WASHINGTON — A federal judge has denied the Trump administration’s request to place a hold on her order allowing those who identify as the opposite sex to enlist in the military beginning Jan. 1.
“In sum, having carefully considered all of the evidence before it, the court is not persuaded that Defendants will be irreparably injured by allowing the accession of transgender individuals into the military beginning on January 1, 2018,” Judge Colleen Kollar-Kotelly, appointed to the bench by then-President Bill Clinton, wrote in an opinion on Monday.
“To the extent Defendants argue that accepting transgender individuals on January 1, 2018 would harm military readiness, the court directs defendants to the court’s finding in its October 30, 2017 memorandum opinion that, on the record before the court, there is absolutely no support for the claim that service of transgender individuals would have any negative effect on the military at all,” she asserted. Read the order in full here.
As previously reported, Trump announced his decision to reinstate the ban on transgenders in the military in July, advising that the issue is a distraction and would place a burden on the finances of the Armed Forces.

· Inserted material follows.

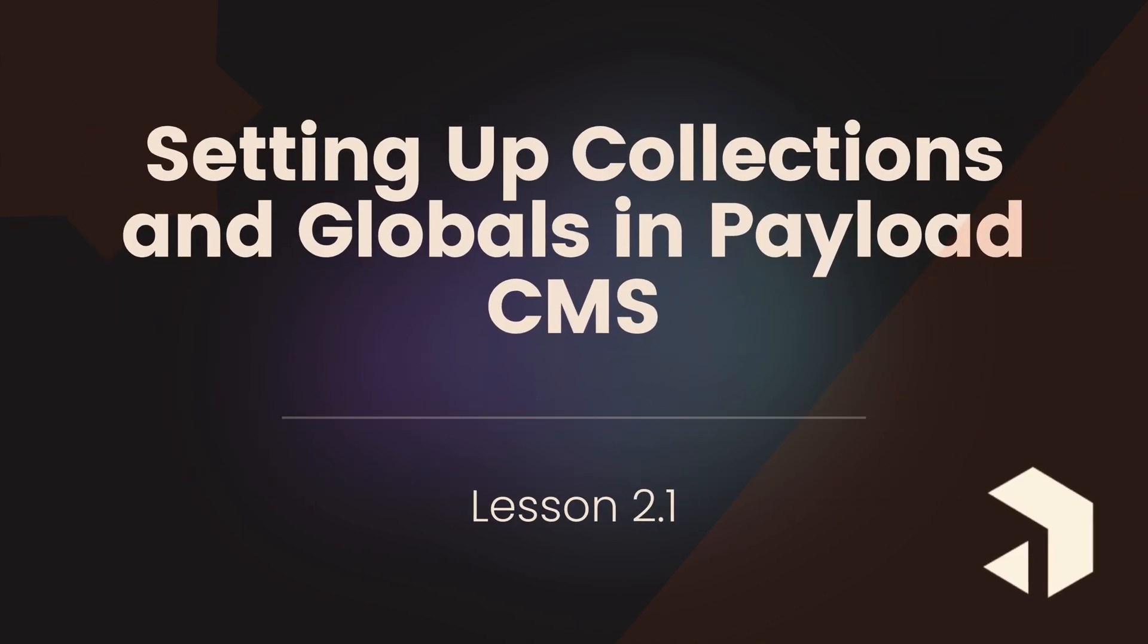Welcome to Lesson 2.1 of our Payload CMS course. In this lesson, we will explore the fundamental concepts of collections and globals in Payload CMS. These are key features that help streamline content management for modern web applications. We will start by understanding what collections and globals are and how they fit into the overall architecture of Payload CMS.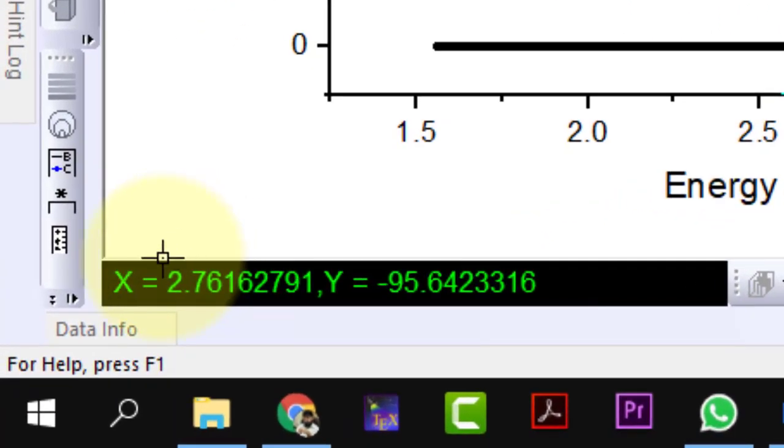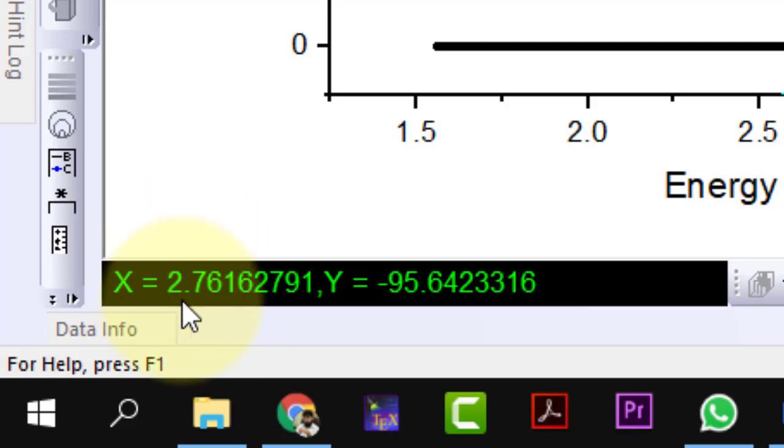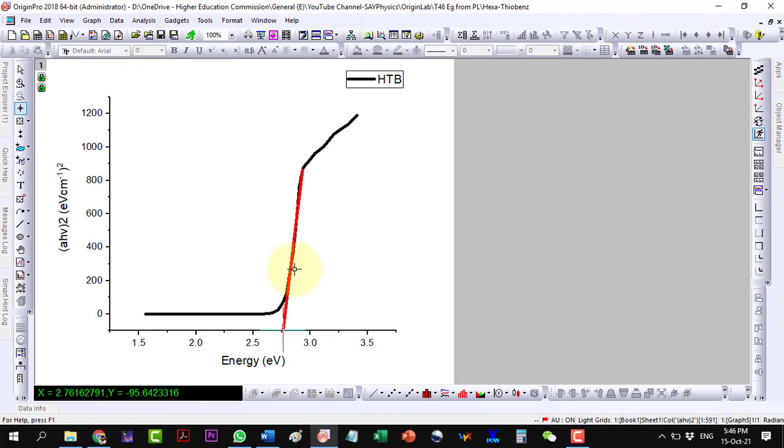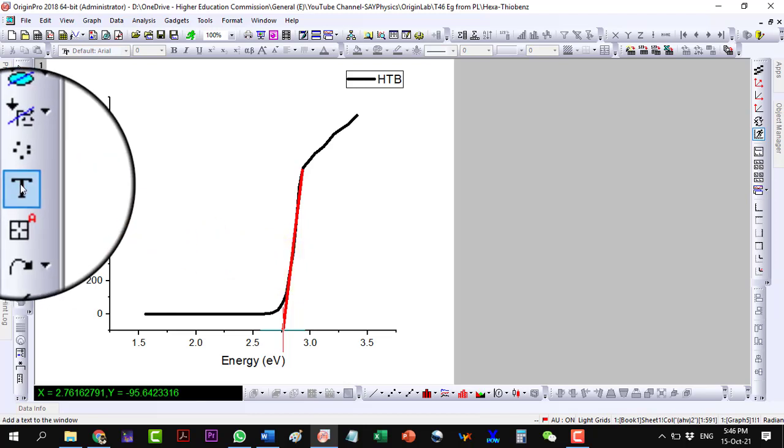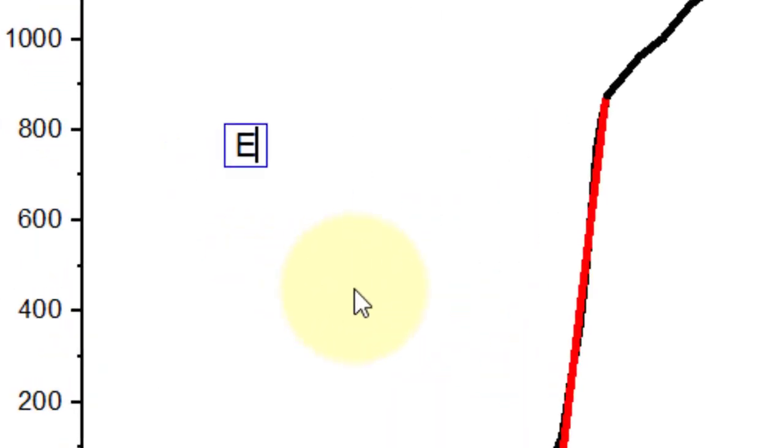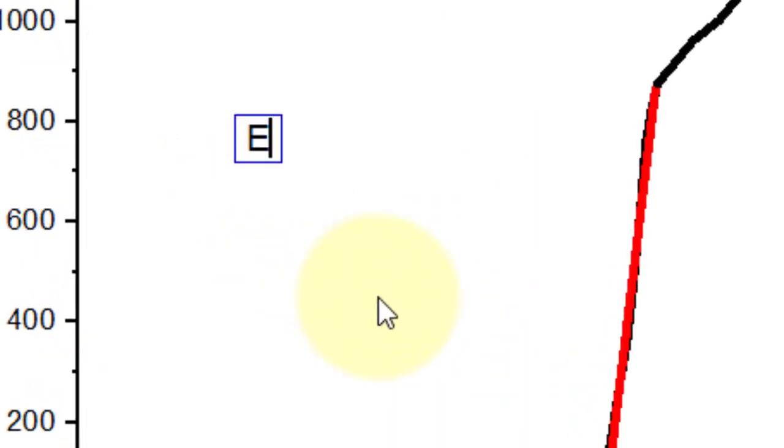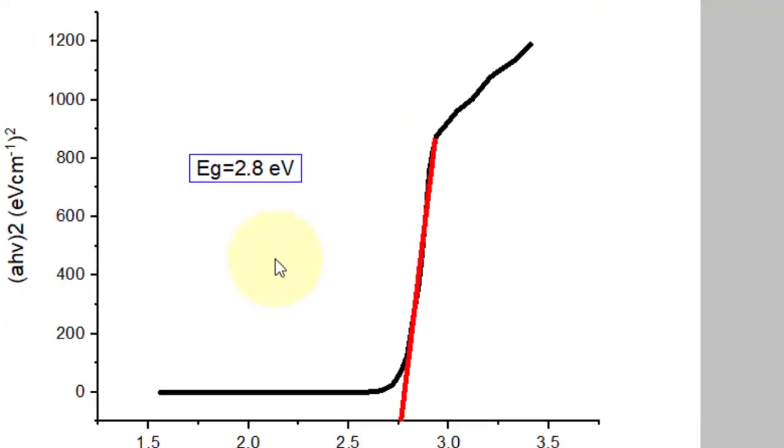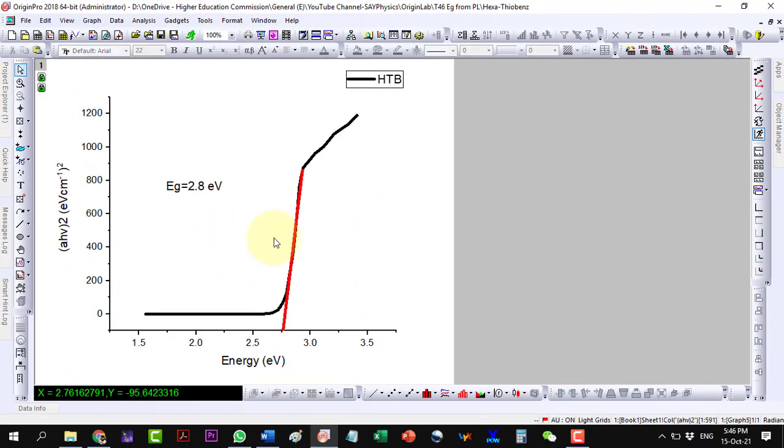The value of the bandgap comes out to be 2.8 electron volts.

“After consultation with my generals and military experts, please be advised that the United States government will not accept or allow transgender individuals to serve in any capacity in the U.S. military,” he tweeted. “Our military must be focused on decisive and overwhelming victory and cannot be burdened with the tremendous medical costs and disruption that transgenders in the military would entail. Thank you.”
Weeks later, five service members filed suit to challenge the ban, with the assistance of the National Center for Lesbian Rights and GLBTQ Legal Advocates and Defenders.
“Because they identified themselves as transgender in reliance on [the government’s] earlier promise [of lifting the ban], Plaintiffs have lost the stability and certainty they had in their careers and benefits, including post-military and retirement benefits that depend on the length of their service,” the lawsuit read.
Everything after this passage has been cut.